Hej
Jeśli nie trenowałaś żadnym konkretnym planem to zacząłbym od podstaw, czyli od treningów obwodowych w stosunkowo sporym zakresie powtórzeń, aby wymusić wykonywanie odpowiednio prostych odmian ćwiczeń. Wszystko na ten temat znajdziesz w tym artykule: http://kalistenikapo...odki-przykłady/
Najistotniejsze na początku to wzmocnić swoje stawy i organizm do dalszej pracy. Później zmodyfikujesz aktualny schemat pod swój cel treningowy, który powinnaś mieć ustalony. Zastanów się jakie narzędzia wykorzystać do jego osiągnięcia - chcesz zająć się tyloma dyscyplinami właśnie ze względu na złożoność swoich ambicji, czy bardziej dla frajdy? A może uważasz, że im więcej tym lepiej?

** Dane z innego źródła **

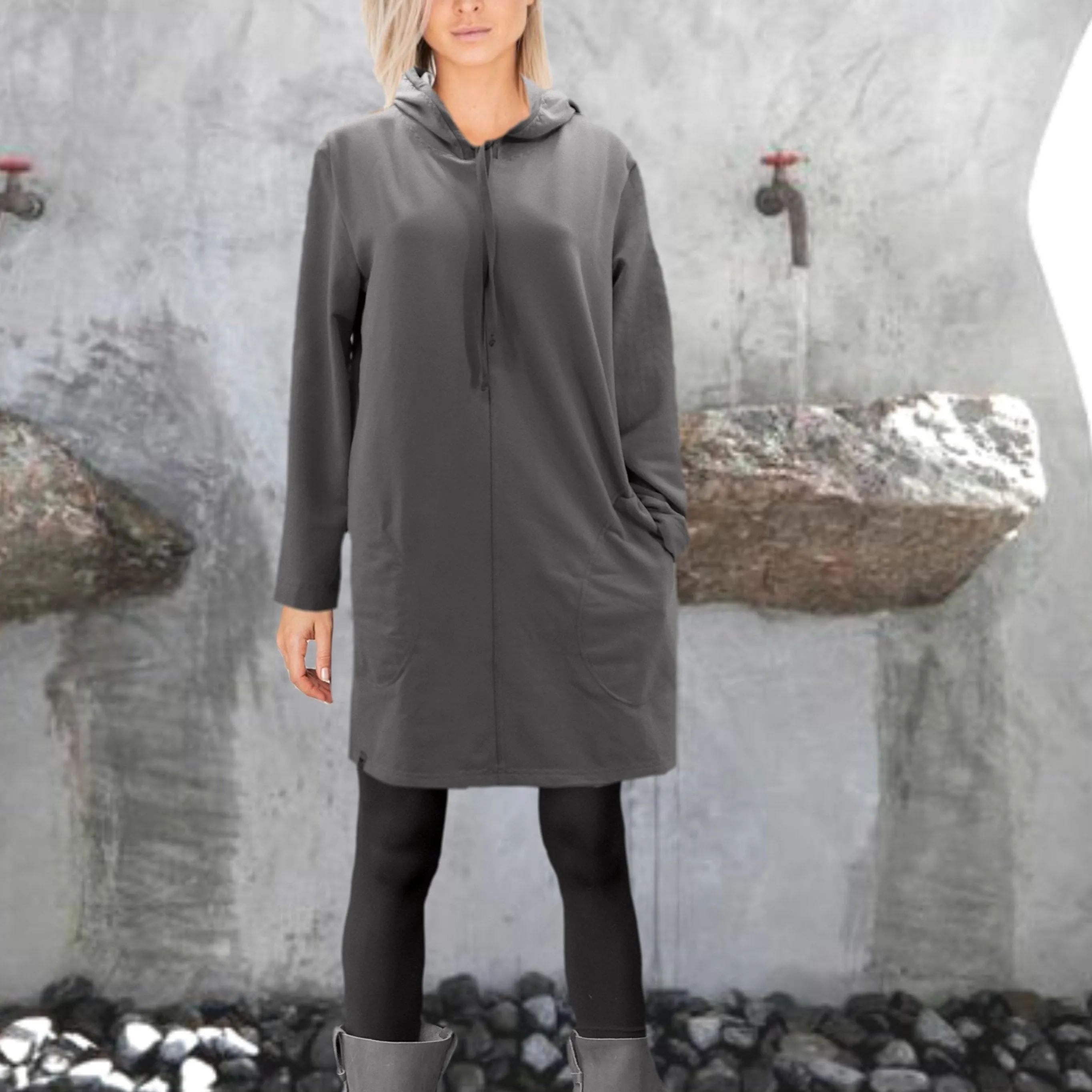 Sweater jurk gemaakt van soft sweat bio katoen/ Sweater dress made of soft brushed organic cotton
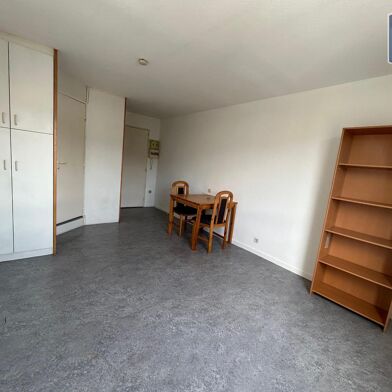Appartement 1 pièces 422 €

Odpowiadając na Twoje pytania:
1. Bez względu na cel, na początku wystarczą trzy treningi. Można od biedy robić dwa i to też da efekt, ale polecam przyzwyczajać się do trzech sesji tygodniowo już od samego początku - daje to większe pole do popisu w przyszłości,
2. Osobiście odradzam przemęczanie swojego organizmu w jakiekolwiek płaszczyźnie, szczególnie jeśli jesteś początkująca i nie do końca umiesz słuchać swojego organizmu. Natomiast wykonywanie innych sportów równolegle nawet tego samego dnia jest w porządku o ile wyrobisz się z regeneracją oraz starczy Ci czasu i chęci na wykonanie tego wszystkiego,
3. Co najmniej jeden, ale na początku polecam więcej - przynajmniej dwa, trzy dni odpoczynku. Jeśli wykorzystasz schemat z trzema dniami treningowymi to wtedy masz cztery dni na odpoczynek - jak dla mnie świetny układ dla początkującego.
Generalnie w wolnych chwilach proponuję poczytać trochę informacji z pigułki wiedzy, wraz z zawartymi tam artykułami - dowiesz się podstaw i z pewnością przygotujesz się merytorycznie do dalszej pracy, co jest niemal równie istotne jak systematyczność w treningach.